Opinion
No. 04-07-00300-CV
Delivered and Filed: February 13, 2008.
Appealed from the County Court at Law No. 5, Bexar County, Texas, Trial Court No. 320653, Honorable Irene Rios, Judge Presiding.
REVERSED AND REMANDED.
Sitting: CATHERINE STONE, Justice, SANDEE BRYAN MARION, Justice, PHYLIS J. SPEEDLIN, Justice.
MEMORANDUM OPINION
Luberta Silgero appeals the trial court's summary judgment granted in favor of River City Care Center in a bill of review proceeding seeking to set aside a default judgment. Although Silgero presents numerous issues in her brief, her basic contentions are: (1) the trial court erred in striking an affidavit that corroborated her testimony regarding absence of service; (2) River City failed to address Silgero's supplemental claims; and (3) River City failed to conclusively establish proper service. We agree that the trial court erred in striking the additional affidavit Silgero submitted to corroborate her testimony on the issue of absence of service. Therefore, we reverse the trial court's judgment and remand the cause to the trial court for further proceedings.
A bill of review is an equitable proceeding brought by a party seeking to set aside a prior judgment that is no longer subject to challenge by a motion for new trial or appeal. Caldwell v. Barnes, 154 S.W.3d 93, 96 (Tex. 2004). Bill of review plaintiffs must ordinarily plead and prove (1) a meritorious defense to the underlying cause of action, (2) which the plaintiffs were prevented from making by the fraud, accident or wrongful act of the opposing party or official mistake, (3) unmixed with any fault or negligence on their own part. Id. Bill of review plaintiffs claiming non-service, however, are relieved of establishing the first two elements, and proof of non-service conclusively establishes the third element. Id. at 96-97.
Silgero's initial bill of review petition claimed non-service. Attached to River City's motion for summary judgment, however, is the citation and officer's return stating Silgero was personally served. In addition, River City attached the affidavit of the officer who stated that he personally served Silgero with citation. Although the law makes no presumptions favoring validity of service in an attack on a default judgment, an officer's return is prima facie evidence of the facts recited therein. Primate Const., Inc. v. Silver, 884 S.W.2d 151, 152-53 (Tex. 1994); Garza v. Attorney Gen., 166 S.W.3d 799, 811 (Tex.App.-Corpus Christi 2005, no pet.). Recitations in the return of service carry so much weight that they cannot be rebutted by the uncorroborated proof of the moving party. Primate Const., Inc., 884 S.W.3d at 152; Garza, 166 S.W.3d at 811.
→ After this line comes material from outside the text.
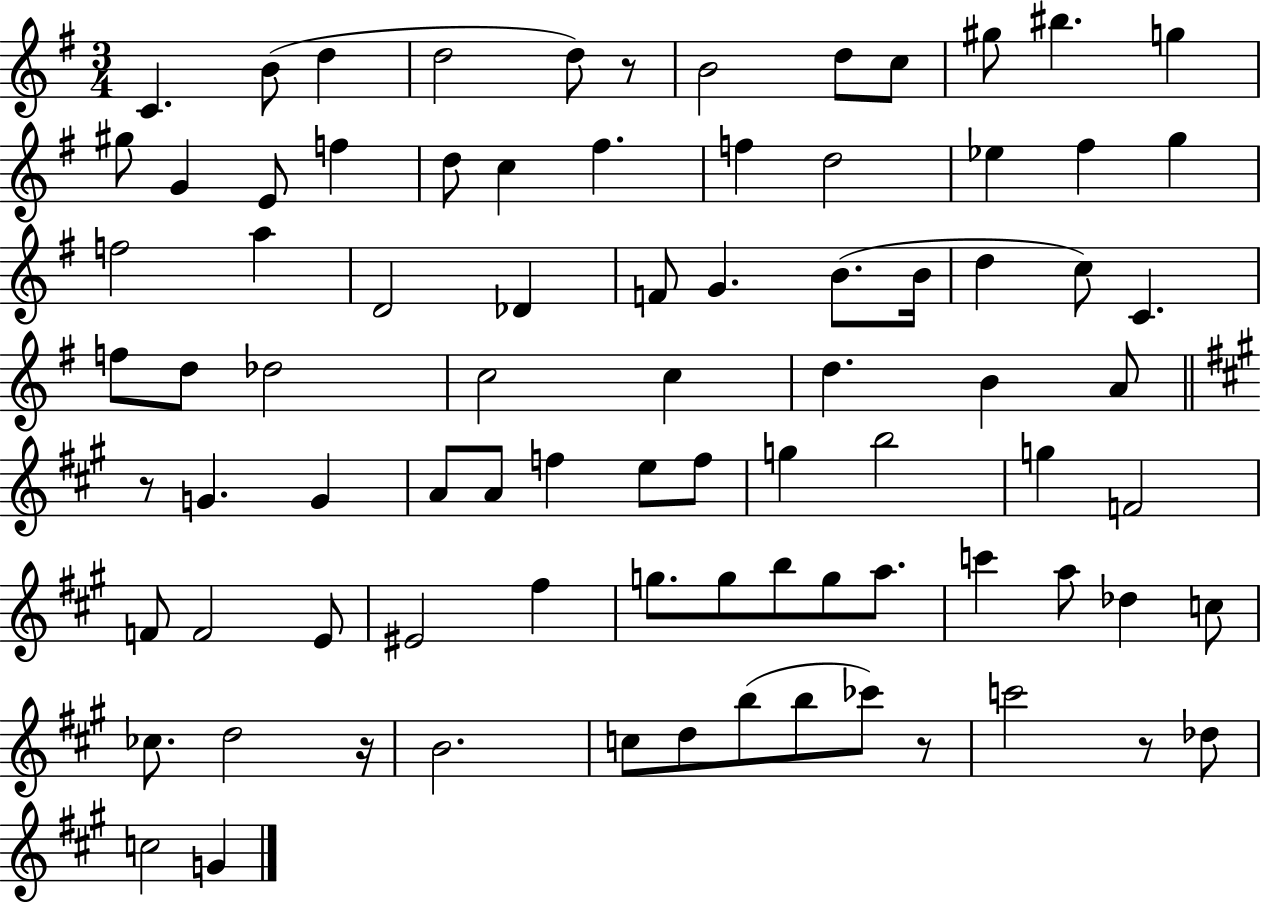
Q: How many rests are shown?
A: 5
In response to River City's motion, Silgero submitted her affidavit stating that she was never personally served. Because the recitations in the return of service cannot be rebutted by her uncorroborated statement, Silgero also submitted an affidavit from her son, Lawrence Howard, in which he stated, "On March 21, 2006, I was at BINGO with LUBERTA SILGERO between 6:00 PM to 9:00 PM." The trial court sustained River City's objection to Howard's affidavit as being ambiguous.
Howard's affidavit, however, is not ambiguous. Howard's statement that Silgero was "at BINGO" denotes that Silgero was at some location other than her home at the time the officer stated he personally served her. The phrase "at BINGO" is not reasonably susceptible to more than one interpretation as suggested by River City, as it refers to an exclusive location. Because Howard's affidavit contains allegations that are direct and unequivocal, and perjury can be assigned upon them, see Brownlee v. Brownlee, 665 S.W.2d 111, 112 (Tex. 1984); Llopa, Inc. v. Nagel, 956 S.W.2d 82, 86-87 (Tex.App.-San Antonio 1997, pet. denied), we conclude the trial court erred in sustaining River City's objection to Howard's affidavit.
Howard's affidavit sufficiently corroborates Silgero's statement on the absence of personal service; therefore, we hold Silgero has satisfied her burden to come forward with competent controverting evidence to raise a material fact issue to preclude summary judgment. See Warren v. Warren Equip. Co., 189 S.W.3d 324, 327 (Tex.App.-Eastland 2006, no pet.) (noting non-movant has burden to come forward with competent controverting evidence to raise fact issue once movant produces sufficient evidence to establish right to judgment). Accordingly, we sustain Silgero's first complaint, and we reverse the judgment of the trial court and remand the cause to the trial court for further proceedings. Because Silgero's first issue is dispositive of her appeal, we need not discuss Silgero's remaining contentions.